One Way The Company Is Pushing The Envelope: Hübberiet

Hübbe hosts evening-length programs that invite outsiders to perform for a show centered around a timely topic. Photo via kglteater.dk

Despite being a 250-year-old company so closely associated with the lovely but quaint Bournonville tradition, RDB isn’t stuck in the past.

One of the most intriguing programs it’s experimented with recently is Hübberiet: an evening centered around a timely topic—refugees, fear, men and women—where the company invites musicians, actors, or maybe a politician for their take on the topic, and, of course, weaves in relevant dance pieces, all hosted by Hübbe himself.

“It’s like when you have a picture from Picasso’s blue period, and a curator can put it into a different context where all of a sudden you see the work with a whole new kind of perception. How can we put another spotlight on this art form that will bring people to the theater and provoke something we didn’t see before?”

Why He’s Decided To Add Weekly Bournonville-Based Company Classes

The Royal Danish Ballet taking class onstage. Photo via Twitter

Although RDB’s school has always given students solid training in the Bournonville technique, company members have only had Bounonville-based classes off and on in recent years. Hübbe recently decided that, starting next season, the company will have them once a week.

“I feel that I have to get back to more jumping, especially for the boys,” he explains. He admits that he’s focused mostly on raising the standard of the women over the past decade. “You almost take the Danish men for granted. But you have to cultivate them and keep pushing them, too.” He also says that since he’s hired so many foreign dancers, he wants to “reiterate this backbone” of the company.

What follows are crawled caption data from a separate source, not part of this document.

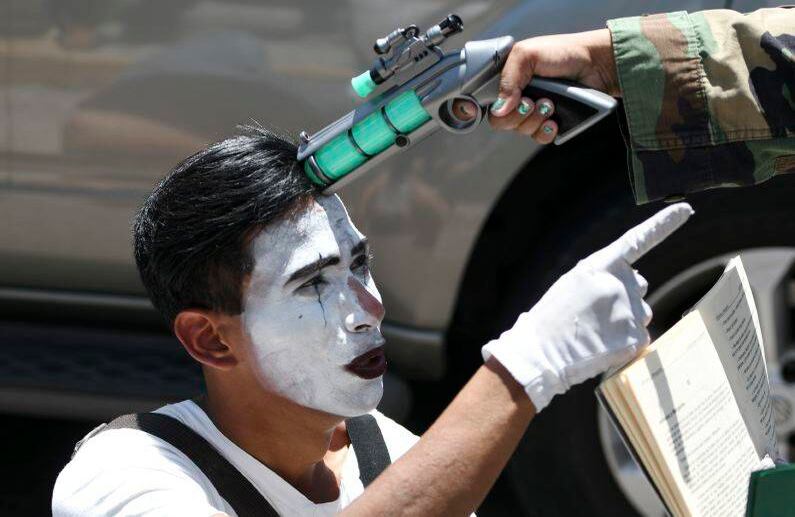 Los estudiantes de la Universidad Pedagógica Francisco Morazan se unen a maestros y médicos para protestar contra la privatización de la salud y la educación, en Tegucigalpa, el 10 de julio de 2019. (Foto de ORLANDO SIERRA / AFP)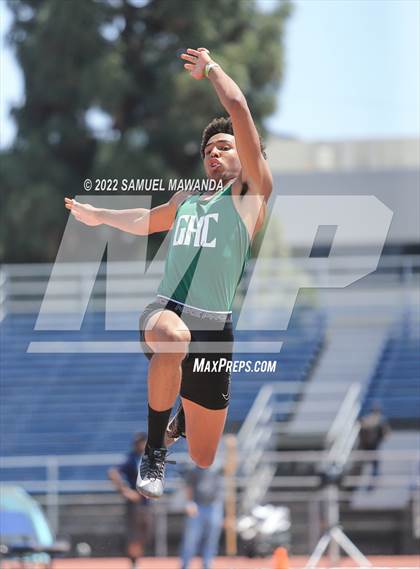 Thumbnail 3 in CIF LACS track and field Boys Finals photogallery.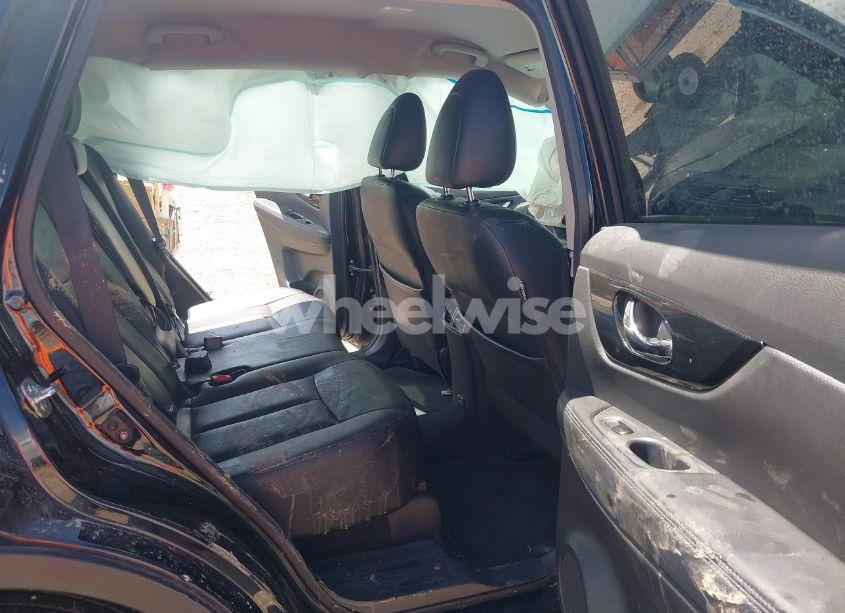 Photo 8 of 2019 Nissan Rogue SL (VIN 5N1AT2MT9KC791900)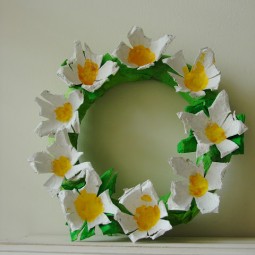 Make a beautiful wreath to decorate your front door.jpg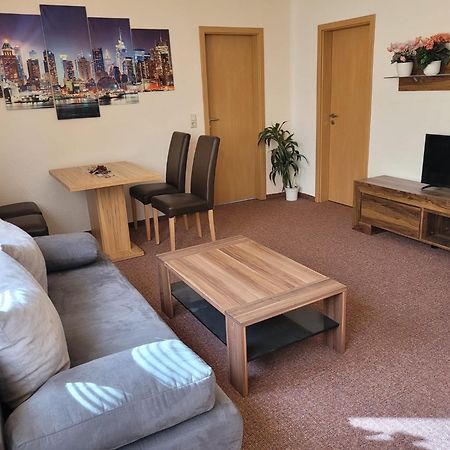 Apartment - Gaestewohnung - Unterkunft Monteure Chemnitz Extérieur photo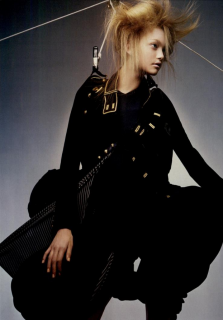 McDean_Vogue_Italia_February_2005_06.png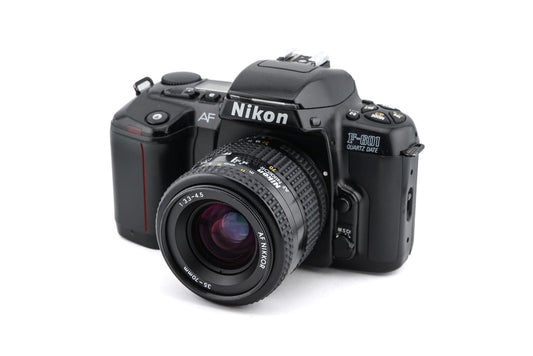 Nikon F-601 + 35-70mm f3.3-4.5 AF Nikkor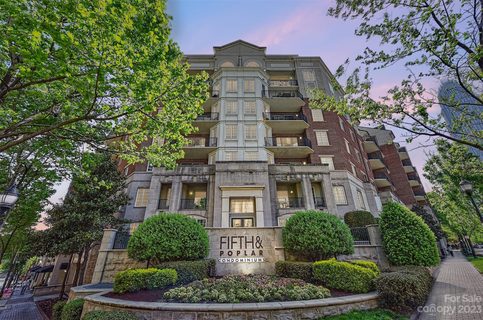 300 W 5th Street 711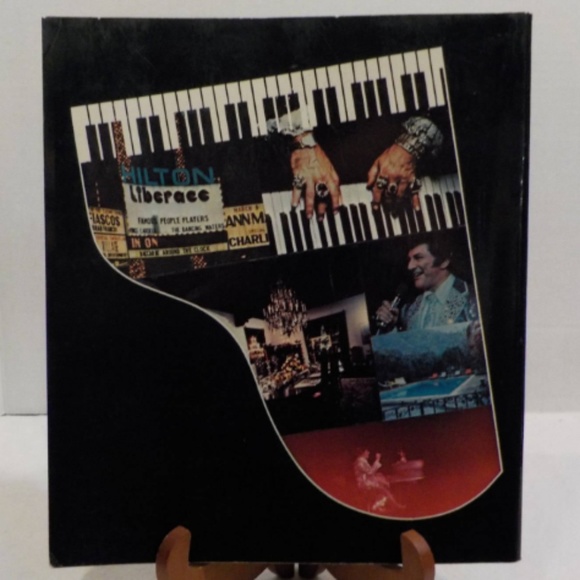 Liberace The Things I Love 1976 Soft Cover - Picture 2 of 5
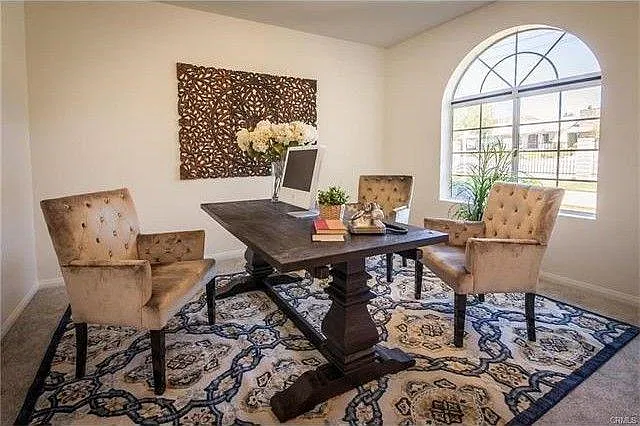 4 bed, 3374 sqft, $4,000 — Photo 3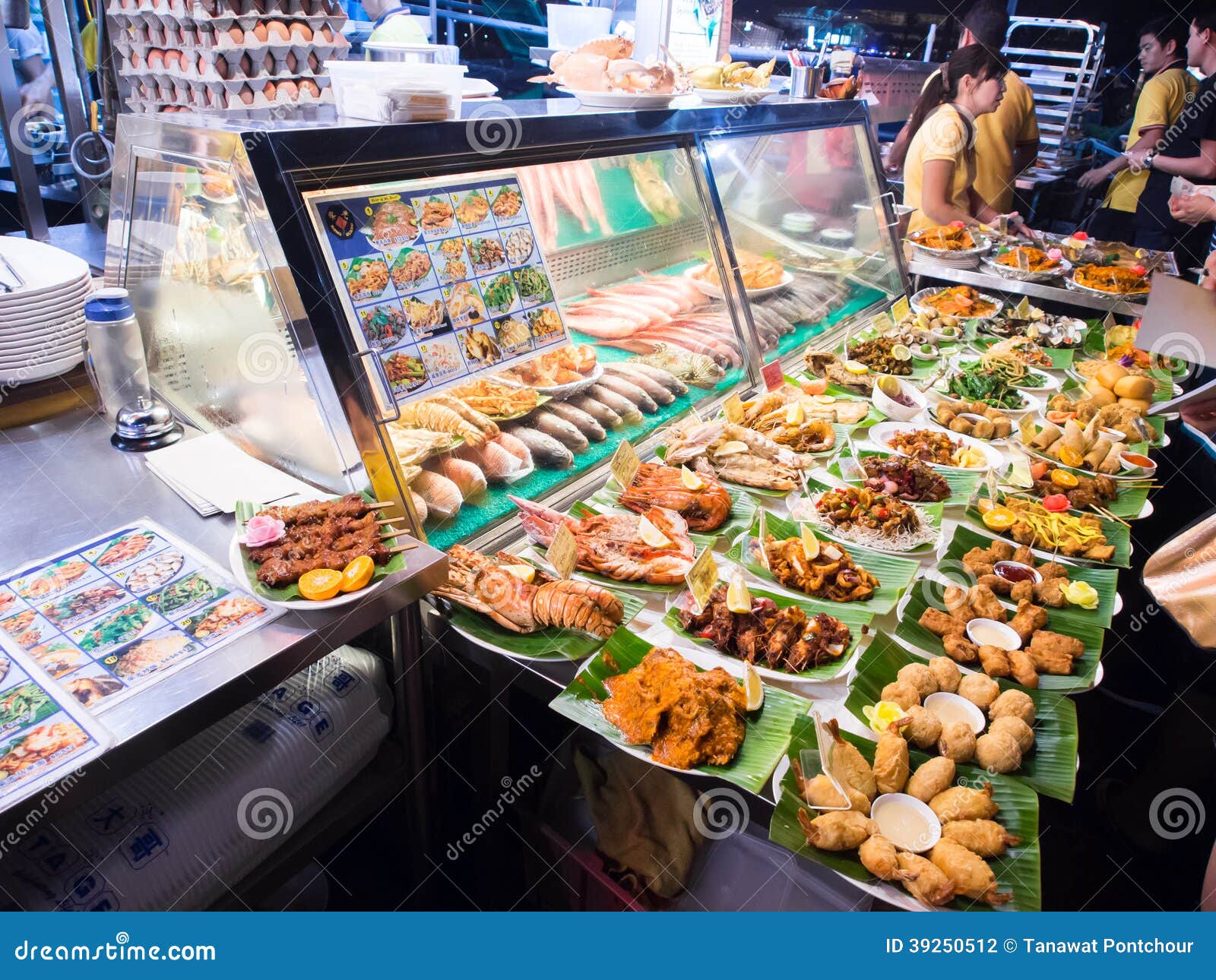 Street foods in Singapore editorial photography. Image of night - 39250512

But that doesn’t mean the dancers will be taking a traditional Bournonville barre. “The barre, oyoyoy,” he says. “It’s 15 minutes long. Jeté comes before tendu, and in the middle there’s grand battement.” Hübbe explains that Bournonville’s classes were assembled by his students, and he questions whether some of those students didn’t take artistic license with the combinations. “Some of them are Bounonville, absolutely, but some of them, I don’t know.”

What He Misses About Being a Dancer

“Being one of the dancers, the clan, the tribe—that I can miss. Being a director is great, but a lot of things you do alone. You are removed. They have to rehearse and take care of their feet and their pirouettes and this and that and you help, but you know it’s theirs. That thing of socially, just like, having a lunch and, you know, shooting the shit. And it’s not family, it’s a tribe. It’s like dogs in a pack. School of fish. Whatever you call it. That thing. That I can miss. Because that’s how you grew up, you know? Not like actors or singers; they grow up very much individual. We grow up in the studio, standing next to one another, bum bum bum bum bum. It gives you a sense of belonging. That camaraderie I can miss.”